Re: Watchdog wrapper for s6

2021-11-21 Thread Alex Kiernan
On Sat, Nov 20, 2021 at 9:57 PM Laurent Bercot  wrote:
>
>
> >I have a problem process that's getting stuck somewhere in its network
> >code (clearly the right answer is to find/fix the problem, but it's
> >infrequent and we're up against time constraints...)
> >
> >I'm looking at just adding a wrapper around it which does something
> >along the lines of the existing s6 notification - have the supervised
> >process write a regular character to an inherited fd, if it ever stops
> >then the wrapper kills everyone and exits allowing the supervision to
> >restart it.
>
>   What you want is process monitoring. s6 doesn't do that, because
> the monitoring needs are very process-specific and it's impossible to
> predict all the functionality that every daemon under the sun could
> want to use.
>

Indeed, wasn't sure if I was missing something!

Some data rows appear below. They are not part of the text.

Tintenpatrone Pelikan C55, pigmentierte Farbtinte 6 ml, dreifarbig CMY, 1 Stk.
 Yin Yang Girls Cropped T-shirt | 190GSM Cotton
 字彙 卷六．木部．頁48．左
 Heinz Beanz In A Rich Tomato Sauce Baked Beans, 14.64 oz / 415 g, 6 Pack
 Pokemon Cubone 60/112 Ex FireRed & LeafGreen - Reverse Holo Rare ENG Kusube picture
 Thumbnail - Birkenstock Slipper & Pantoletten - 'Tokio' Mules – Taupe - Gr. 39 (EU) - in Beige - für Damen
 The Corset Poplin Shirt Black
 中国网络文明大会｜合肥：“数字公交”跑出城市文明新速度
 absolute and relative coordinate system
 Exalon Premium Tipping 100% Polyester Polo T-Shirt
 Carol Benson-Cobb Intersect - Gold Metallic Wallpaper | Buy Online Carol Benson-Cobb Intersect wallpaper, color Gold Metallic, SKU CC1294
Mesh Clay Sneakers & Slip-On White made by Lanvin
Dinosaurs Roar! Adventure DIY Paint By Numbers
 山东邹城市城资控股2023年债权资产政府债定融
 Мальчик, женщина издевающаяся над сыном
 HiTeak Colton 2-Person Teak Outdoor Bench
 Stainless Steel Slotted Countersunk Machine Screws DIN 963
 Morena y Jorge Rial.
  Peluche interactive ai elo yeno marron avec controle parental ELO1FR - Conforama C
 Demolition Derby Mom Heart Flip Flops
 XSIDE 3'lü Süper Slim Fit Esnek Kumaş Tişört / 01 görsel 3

>   Here, you need a heartbeat. You can implement the heartbeat monitor
> as a separate service, which it is: it's a service that reads the
> heartbeat from your daemon and sends it an s6-svc -r command when
> it fails to receive the heartbeat from a period of time.
>   If you don't need anything more than that, you can probably write
> the heartbeat monitor in shell (or even in execline!) It's a call
> to mkfifo then a read loop. :)
>

Thanks for the steer on the pattern.

-- 
Alex Kiernan


Re: Watchdog wrapper for s6

2021-11-20 Thread Laurent Bercot




I have a problem process that's getting stuck somewhere in its network
code (clearly the right answer is to find/fix the problem, but it's
infrequent and we're up against time constraints...)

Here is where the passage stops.